How to optimize write latency for global tables in CockroachDB

Achieving low latency reads in a transactionally consistent, multi-region database is a unique challenge. In CockroachDB, two approaches are frequently used: geo-partitioning data so that it is located in the region where it is accessed most frequently, and historical reads, which read slightly stale data from local replicas. However, there is a third approach that is used less frequently because it fits a narrower use case: global tables. Global tables offer low-latency non-stale reads from all regions at the cost of higher write latency, and they can be used in many cases where the workload has a high read to write ratio.

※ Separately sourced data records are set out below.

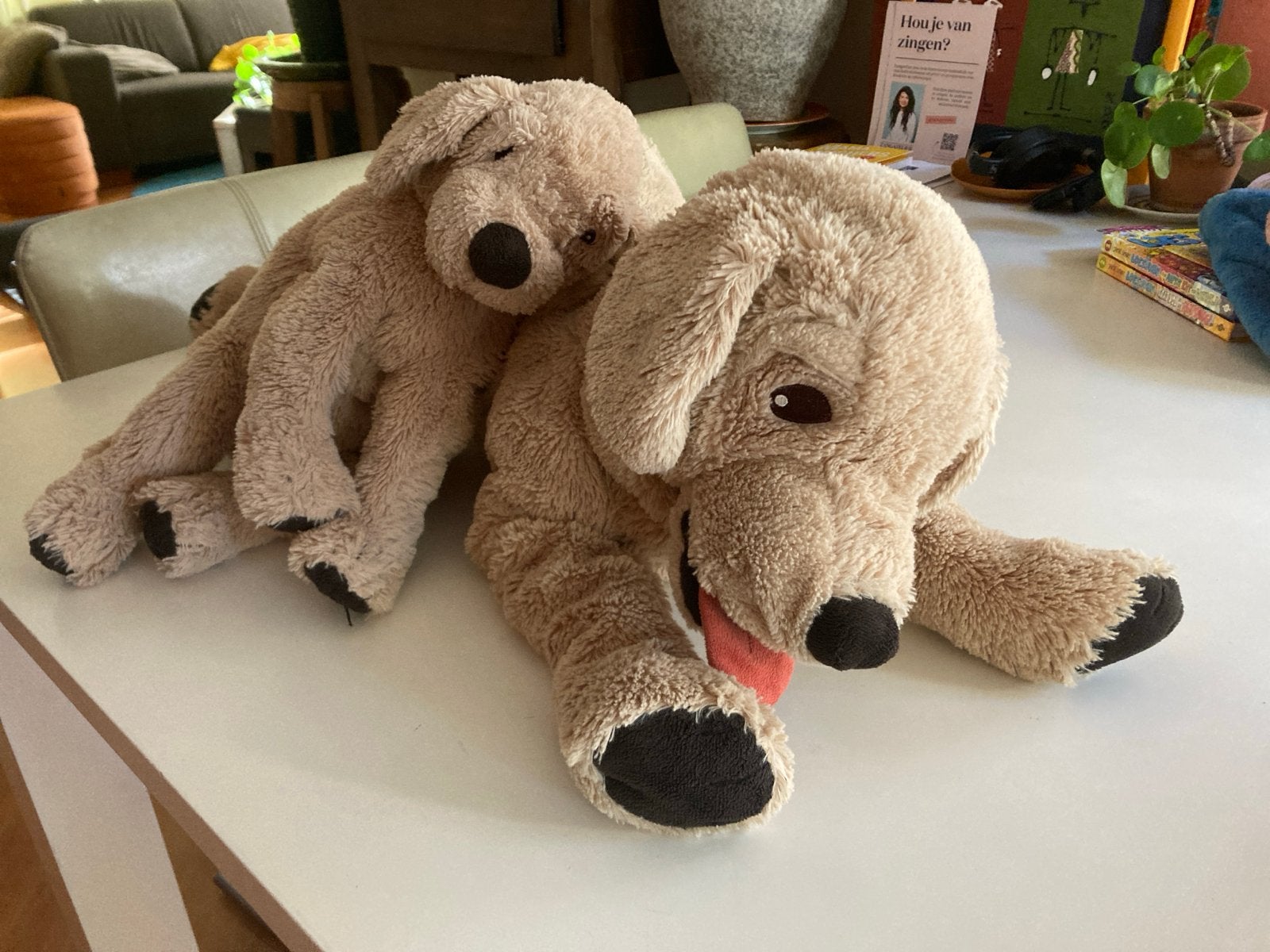 Grote en kleine knuffelhond - Labrador, Zo goed als nieuw, Beige, Groot (groter dan 80 cm), Hond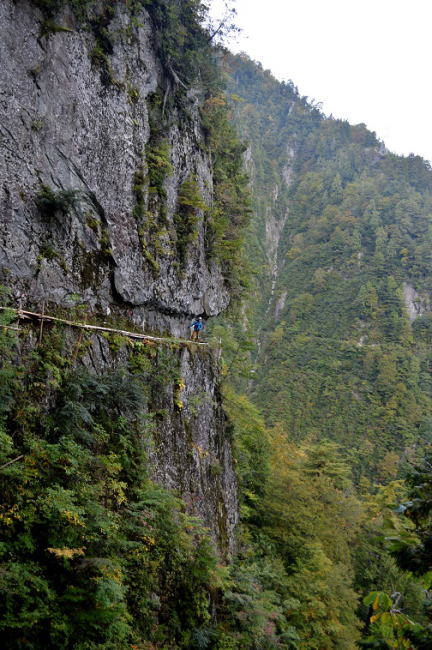 大岸壁の歩道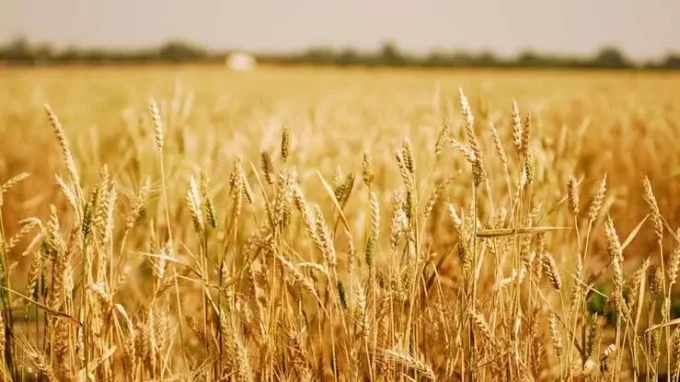 Global food prices near a four-year high as risks mount, highlighting food inflation, commodity markets, supply risks, and global consumer costs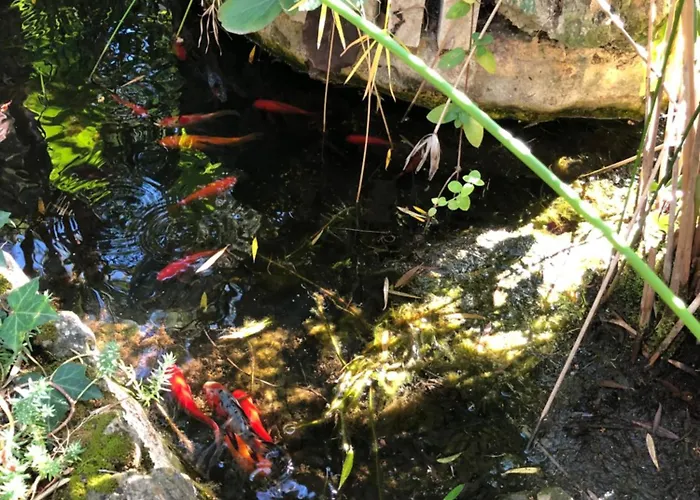 Βίλα Cap D'antibes 50m From The 3 Bedrooms/pool *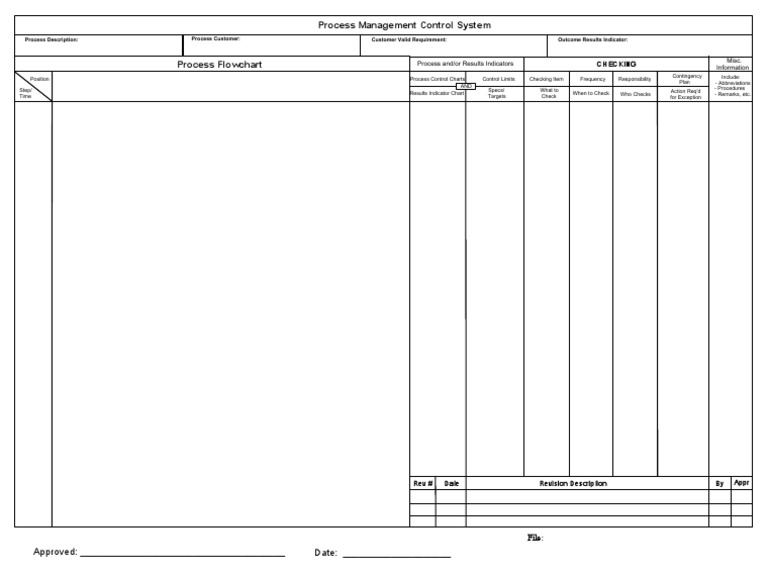 Process MGMT Control System Template | PDF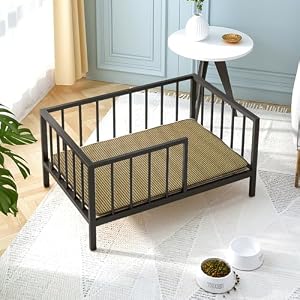 Dog Bed with Rails Elevated Pet Metal Bed Frame with Solid Wood Board and Washable Soft Mat for Medium Dog Indoor or Outdoor Use 252 x 378 Black
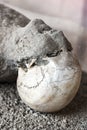 Victim in pompeii of the eruption of mt vesuvius Royalty Free Stock Photo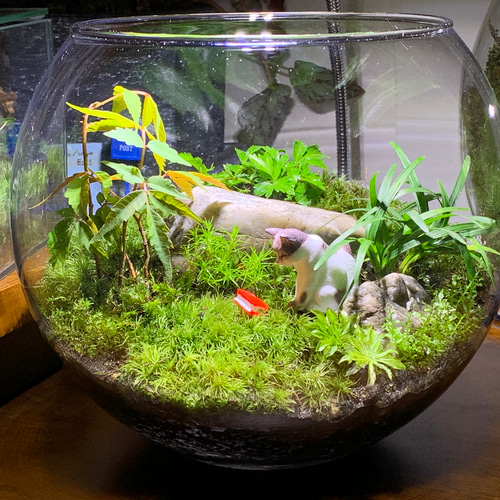 203 苔アート 苔テラリウム ねこ 猫 フィギュア 送料込み テラリウム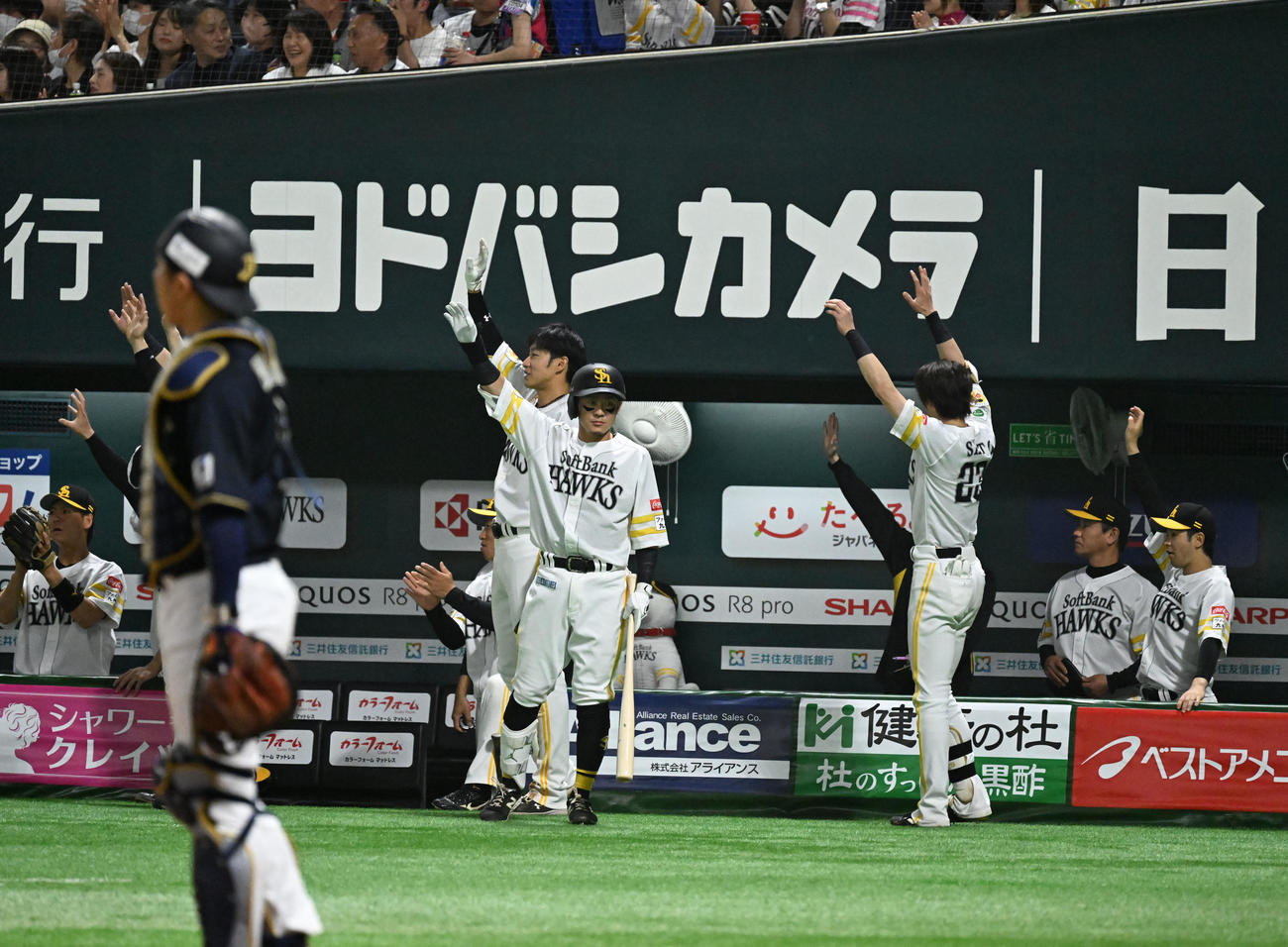 ソフトバンク対オリックス　2回裏、ソフトバンク　緒方のプロ初安打に歓喜するホークスナイン（撮影・林敢治）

One of the challenges with global tables is high write latency, which can be as high as 800ms with the default cluster configuration (as of 22.1) in a cluster spanning the globe. This article explores techniques for optimizing write latency of global tables, which can be used to lower the latency to 250ms or less. Although global tables are not appropriate for all use cases, optimizing write latency can eliminate a barrier to adoption for workloads with a high read to write ratio.

A peek under the hood

Tables in CockroachDB can be marked as global tables by a simple declarative SQL statement or a change to the table’s zone configuration. When a table is marked as a global table, transactions to the table’s ranges use the “non-blocking transaction” protocol, a variant of the standard read-write transaction protocol. The term “non-blocking” comes from the fact that, outside of failure scenarios, reads don’t block on the atomic commit protocol of writes. This is because writes to these ranges are created slightly in the future, making them invisible to current time reads. To ensure that followers have successfully replicated changes, write transactions incur a high wait time, during which time replication to followers is ensured.

To understand how global tables work, let’s consider two types of timestamps: transaction timestamps and closed timestamps.

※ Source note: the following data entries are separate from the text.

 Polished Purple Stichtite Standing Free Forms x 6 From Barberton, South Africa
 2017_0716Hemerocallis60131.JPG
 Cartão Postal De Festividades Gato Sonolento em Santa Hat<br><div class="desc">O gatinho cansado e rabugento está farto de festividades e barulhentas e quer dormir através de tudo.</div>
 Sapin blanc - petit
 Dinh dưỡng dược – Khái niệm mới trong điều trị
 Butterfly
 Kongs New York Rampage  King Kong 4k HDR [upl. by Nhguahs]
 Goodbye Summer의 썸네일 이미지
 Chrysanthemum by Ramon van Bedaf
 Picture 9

When a transaction is created in CockroachDB, it is assigned a timestamp. In typical transactions, the timestamp corresponds to the node’s current time, determined by its hybrid logical clock (HLC). However, when a transaction writes to a global table, a timestamp is chosen that is slightly in the future, typically hundreds of milliseconds, essentially scheduling it for the future time. After the transaction commits, control is not returned to the client until the current time catches up to the future write timestamp. This wait time is why global tables have higher write latency. It is sometimes referred to as the “lead time for global reads”.

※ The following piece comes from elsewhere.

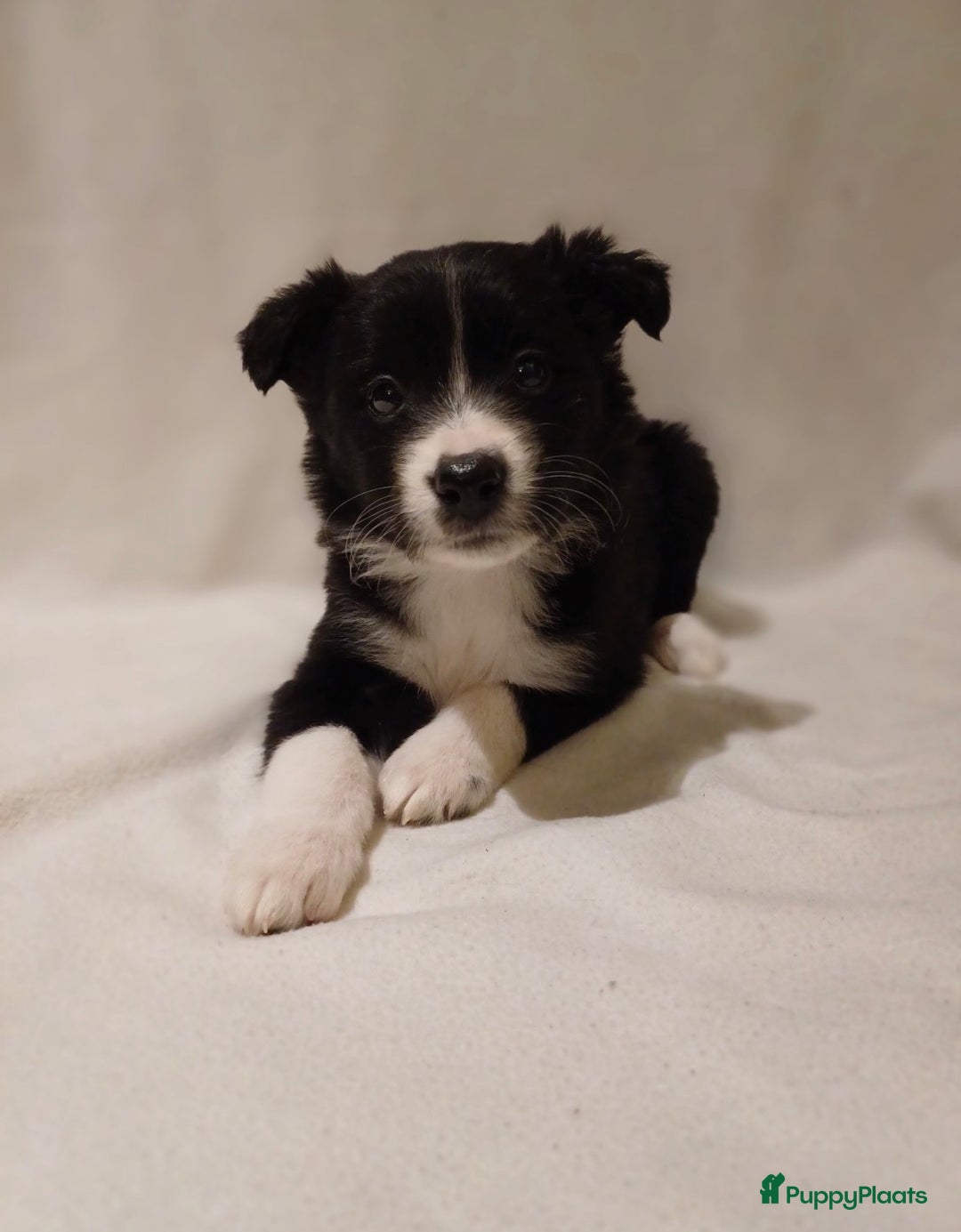 Border Collie honden te koop: Border Collie pups  - Advertentie 4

While transaction timestamps correspond to individual transactions, closed timestamps correspond to entire ranges. A closed timestamp is a time below which (i.e., earlier than) no new data will be written, and is determined by the range’s leaseholder. The closed timestamp is propagated from the range’s leaseholder to its followers either via the raft log, when a write occurs, or via a side transport mechanism at regular intervals.

Typical ranges set the closed timestamp several seconds in the past. This allows followers to serve exact and bounded staleness reads at a time ~4 seconds in the past.

Write transactions have timestamps at current time and the closed timestamp is emitted several seconds in the past. This makes it possible for a consistent stale read at an earlier time where it is guaranteed that no new writes will occur.

However, global table ranges set the closed timestamp slightly in the future. This enables reads at current time on followers, since data in the interval between the current time and the in-the-future closed timestamp is immutable. Followers will never see new writes during this interval.

Write transactions have a timestamp in the future. The closed timestamp is propagated to follower along with the write. It is guaranteed that no new writes will occur below the closed timestamp. The lead time for sender ensures that the write is fully propagated to followers. Strongly consistent, non-stale reads can occur at current time on any follower.

Read latency in global tables can be as low as several milliseconds, similar to stale follower reads; however, there is one situation where the read latency can be significantly higher. This occurs when a future write passes into a conflicting read’s uncertainty window defined by the node’s maximum clock offset. During this interval, causality cannot be strictly determined, so the read must wait until the future transaction becomes present time.

When the timestamp for a write transaction in a global table is within the uncertainty window, a read to any data impacted by that write will need to wait until the uncertainty window passes, incurring higher read latency. This is because during the uncertainty window it is not possible to determine the ordering of the two transactions.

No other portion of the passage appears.